Mmm. Thinking about baked sweet potatoes with lots of butter and sage? Or maybe sweet potato pie? It’s about time to dig sweet potatoes in Western NC.
How do you know when sweet potatoes are ready to dig?
Check the variety’s days to maturity. Beauregard sweet potatoes require only 90 days, O’Henry needs 90-95, and Porto Rico 115-120. Check our other varieties here. If you remember when you planted them, you’ll know when they should be ready. Variations in weather and soil may throw this number off by a week or more. Another signal is that the foliage begins to turn yellow. Sweet potato roots will continue to grow until frost kills the vines, so the crucial thing is to get them out before a hard frost (below 29 degrees.)
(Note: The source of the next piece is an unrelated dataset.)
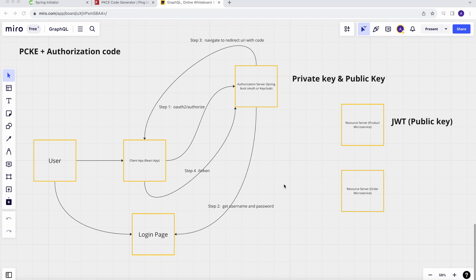Hello everyone. In this video we will learn about a resource server. In previous lectures we learned how to set up an authorization server with Spring Boot — we saw a client credentials flow and also the authorization code flow with PKCE for public-facing applications, where we cannot save the client secret. We were also able to generate access tokens. In this lecture we will see how to secure our microservices and how to use those access tokens to authenticate against our resource service.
How To Harvest Sweet Potatoes
When digging, be careful not to bruise or pierce the tubers. The skins are fragile. Even a small wound can cause rapid decay. Push the shovel in about 10″ away from the stem of the plant and lift. You will probably find a variety of tuber sizes per plant. Last year we dug one that was at least 7 pounds!
Line containers with rags or other soft material to avoid scratching. Don’t store injured roots. Don’t wash them yet, wait till they are cured (washing can scratch them). You will damage a few no matter how careful you are, those are the ones to eat first.
Sweet potato flavor and storage quality improves by curing them first. This process converts the starches to sugar.
Curing Sweet Potatoes
To cure, place in a warm, dark, well-ventilated area at 86-90 F with high humidity for 4-10 days. Near a furnace or wood stove will work. To hold in the humidity use perforated plastic bags (the kind that potatoes are sold in), or loosely wrap in grocery bags (you want some of the moisture to be able to escape).
After that wrap them in newspaper and store in a cool but not cold place (55 to 60 degrees), making sure they don’t touch. They should keep for several months.